:: DATA ::
==*==

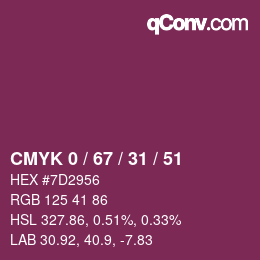 カラーコード: CMYK 0 / 67 / 31 / 51 | qconv.com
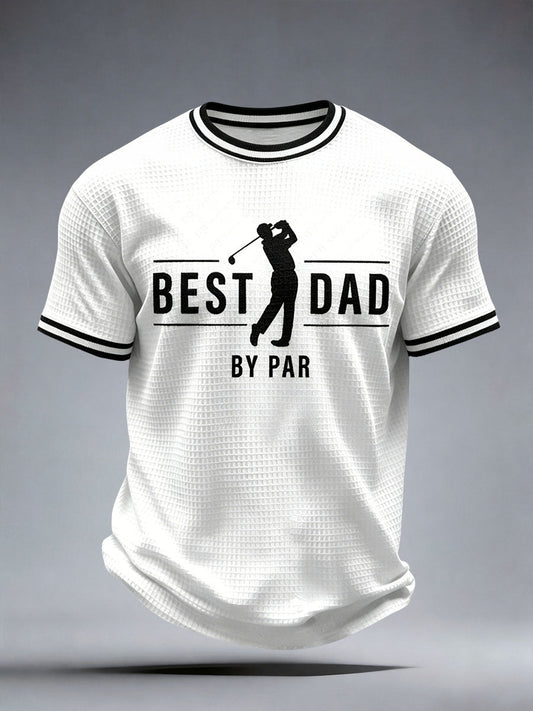 Men's Best Dad By Par Waffle T-Shirt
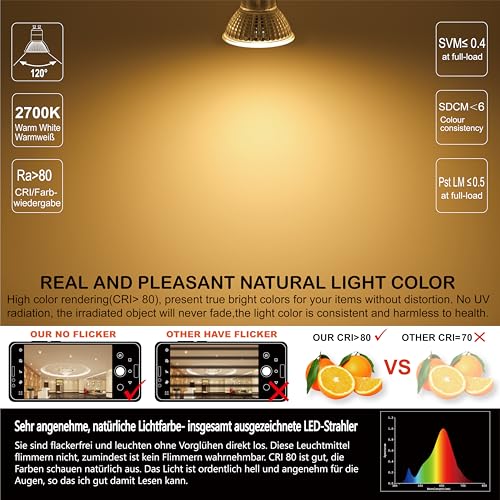 EACLL GU10 LED, Warm White, 4.9 W, Replaces 70 W Halogen Bulbs, Pack of 4, 515 Lumens 2700K Bulbs, AC 230 V, Flicker-Free Spotlight, Beam Angle 120°, Non-Dimmable Reflector Lamps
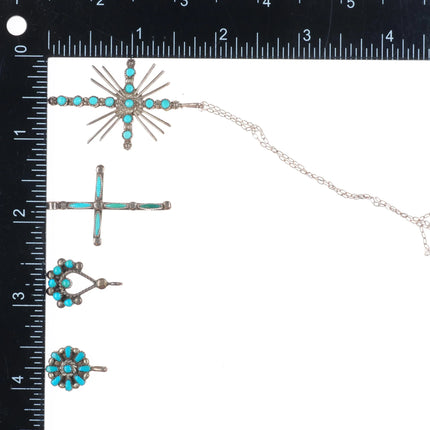 Vintage Zuni sterling silver snake eye/needlepoint turquoise cross/other pendant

==*==

:: TASK PROMPT ::
Reproduce the whole listing word for word, setting aside any pictures.

:: EXERCISE RESULT ::
 カラーコード: CMYK 0 / 67 / 31 / 51 | qconv.com
 Men's Best Dad By Par Waffle T-Shirt
 EACLL GU10 LED, Warm White, 4.9 W, Replaces 70 W Halogen Bulbs, Pack of 4, 515 Lumens 2700K Bulbs, AC 230 V, Flicker-Free Spotlight, Beam Angle 120°, Non-Dimmable Reflector Lamps
 Vintage Zuni sterling silver snake eye/needlepoint turquoise cross/other pendant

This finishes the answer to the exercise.